ISLAMABAD, (Reuters) – U.S. Secretary of State Hillary Clinton said on Friday that both the United States and Pakistan needed to do more to battle Islamist militancy and that relations between the two allies had reached a turning point.
Clinton’s statement at a news conference in Islamabad came after a meeting with Pakistani leaders, as Washington pressed its ally to fully grasp the need to quash Islamist militancy amid tense ties over the killing of Osama bin Laden.
Clinton and Chairman of U.S. Joint Chiefs of Staff Admiral Mike Mullen met President Asif Ali Zardari, Prime Minister Yusuf Raza Gilani as well as Army chief General Ashfaq Kayani in the highest profile visit since U.S. Navy SEALs killed the al Qaeda leader.
“The U.S. and Pakistan have worked together to kill or capture many of these terrorists on Pakistani soil,” Clinton told reporters.
The discovery of the al Qaeda leader in a garrison town just 50 km (30 miles) away from the capital, Islamabad, on May 2 raised fresh doubts about Pakistan’s reliability as a partner in the U.S.-led war on militancy.
Clinton repeated that there was no evidence that anyone at the highest levels of the Pakistan government knew that bin Laden lived close to Islamabad.
Clinton has emphasised the need to continue working closely with Pakistan, but her visit to Islamabad, kept secret for security reasons, came as U.S. lawmakers questioned whether Pakistan should be receiving billions of dollars in aid.
“They have cooperated; we have always wanted more,” a U.S. official told reporters travelling on Clinton’s plane ahead of the surprise visit.
“They have actually, from their perspective, done a lot.

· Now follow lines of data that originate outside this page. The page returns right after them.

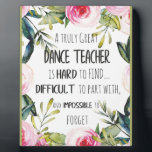 Het cadeau voor Dance-leraar weghalen Dank u wel,  Fotoplaat<br><div class="desc">Het cadeau voor Dance-leraar weghalen Hartelijk dank, ik citeer: "prints voor verschillende materialen". Een geweldig cadeauidee om je huis op te helderen. Koop ook dit kunstwerk op telefoonzaken, kleding, mokken, kussens en meer. Poster en kunst Afdrukken op kleding en voor uw muur - verschillende achtergronden - geweldige afdrukken voor u...</div>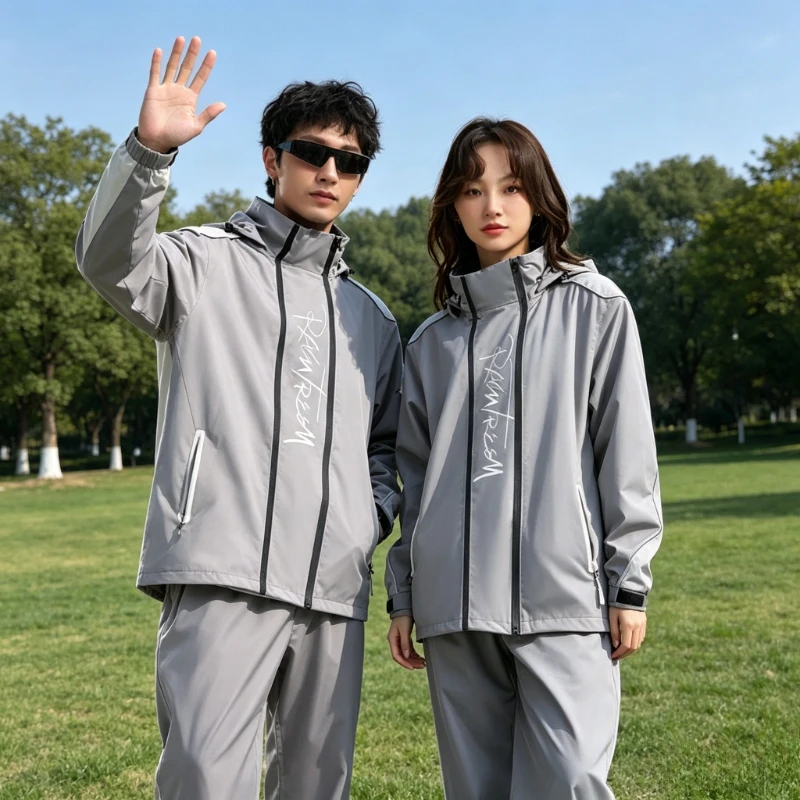 

Split Motorcycle Rain Suit Lightweight Waterproof Full Body Set Breathable Wear-resistant Rainwear for Men & Women in Heavy Rain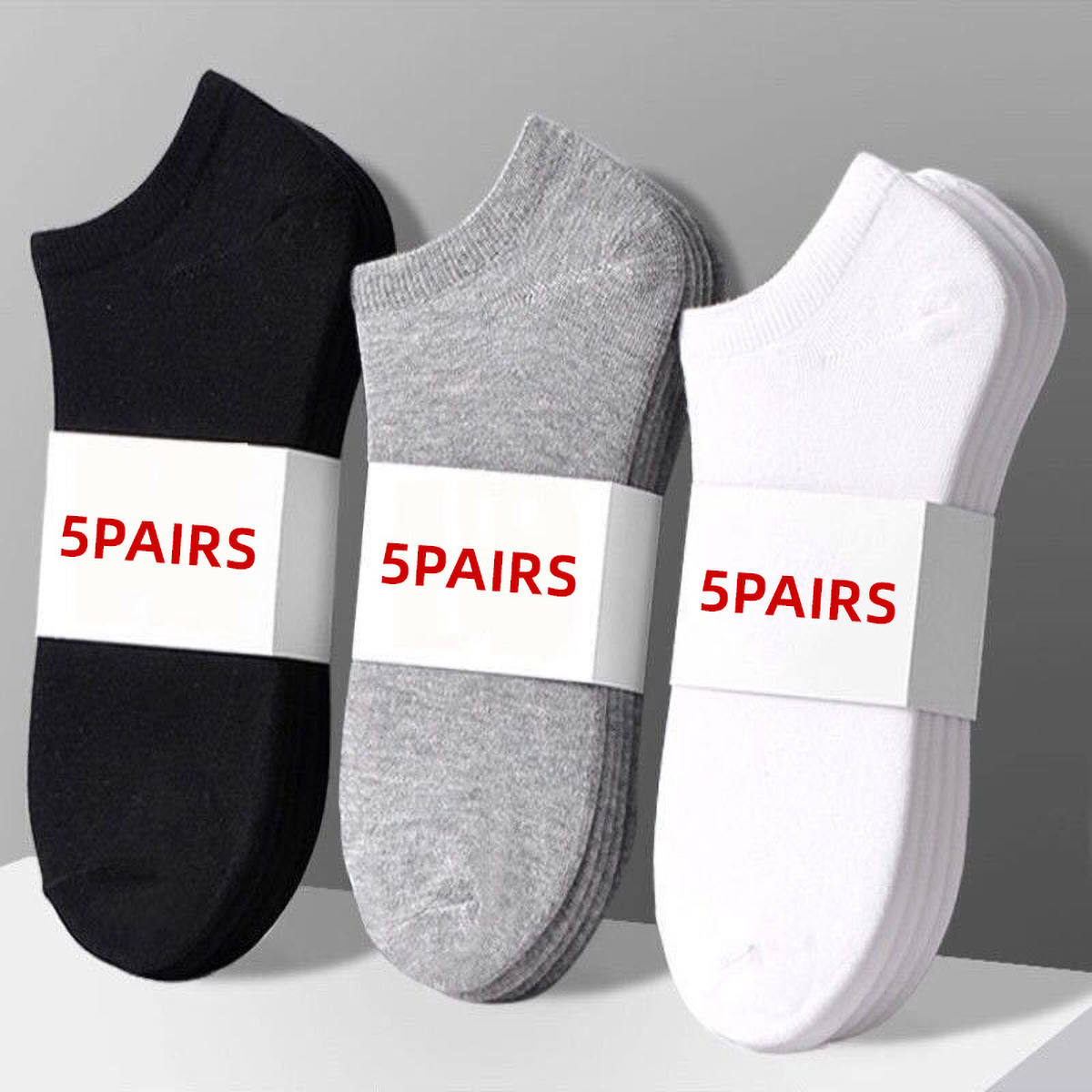 5 Pairs Unisex Casual Plain Co – No Show Sock Women recenzja i cena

What they have never really grasped is how much more they have to do in order to protect themselves and, from our point of view, protect our interests and assist us in ways that are going to facilitate our transition in Afghanistan.”
The Pakistan government welcomed the death of bin Laden but was outraged and embarrassed by the secret raid in the town of Abbottabad, where bin Laden had lived for years, as a breach of its sovereignty.
It was the latest in a series of incidents, from U.S. drone attacks inside Pakistan to the arrest of a CIA contractor for killing two Pakistanis, that have strained ties.
There has also been scant evidence of Islamist militancy abating despite billions of dollars in U.S. aid.
On Thursday, a suicide car bomber killed 34 people outside a police station in the northwestern town of Hangu, and last weekend a group of militants stormed a heavily guarded naval base in the city of Karachi and fought a 16-hour battle with hundreds of soldiers.
The attacks have raised fresh doubts about Pakistan’s ability to quell militancy and protect its nuclear arsenal.
CIA TEAM TO SCOUR BIN LADEN HIDEOUT
In the latest sign of deepening distrust between Washington and Islamabad, Pakistan has told the United States to halve the number of military trainers stationed in the country.
However, the U.S. official said Washington had seen some signs of improved Pakistani cooperation, including the return of the tail section of a helicopter that crashed during the night-time raid in Abbottabad and access to bin Laden’s wives.
In a further apparent move to reduce tension, Pakistani authorities have agreed to allow the CIA to send a forensic team to scour the former hide-out of bin Laden for new clues.
A U.S. official in Washington, who asked for anonymity while discussing sensitive information, said the forensic experts would look for evidence hidden in walls or buried under floors, but there was no guarantee they would find anything.
Many U.S. lawmakers, sceptical that Pakistani officials did not know of bin Laden’s presence, want to cut U.S. aid to Pakistan, which the White House views as vital to counter-terrorism and to hopes of stabilising neighbouring Afghanistan.
Just a day before coming to Pakistan, Clinton said working with Pakistan was a strategic necessity for the United States, even as she pressed Islamabad to act more decisively to counter terrorism.
She praised Pakistan as a “good partner” in global efforts to fight terrorism, though she acknowledged that the two countries have disagreed on how hard to fight al Qaeda, Afghan Taliban fighters and other militants.
“We do have a set of expectations that we are looking for the Pakistani government to meet but I want to underscore, in conclusion, that it is not as though they have been on the sidelines,” she told a news conference in Paris on Thursday.
“They have been actively engaged in their own bitter fight with these terrorist extremists.”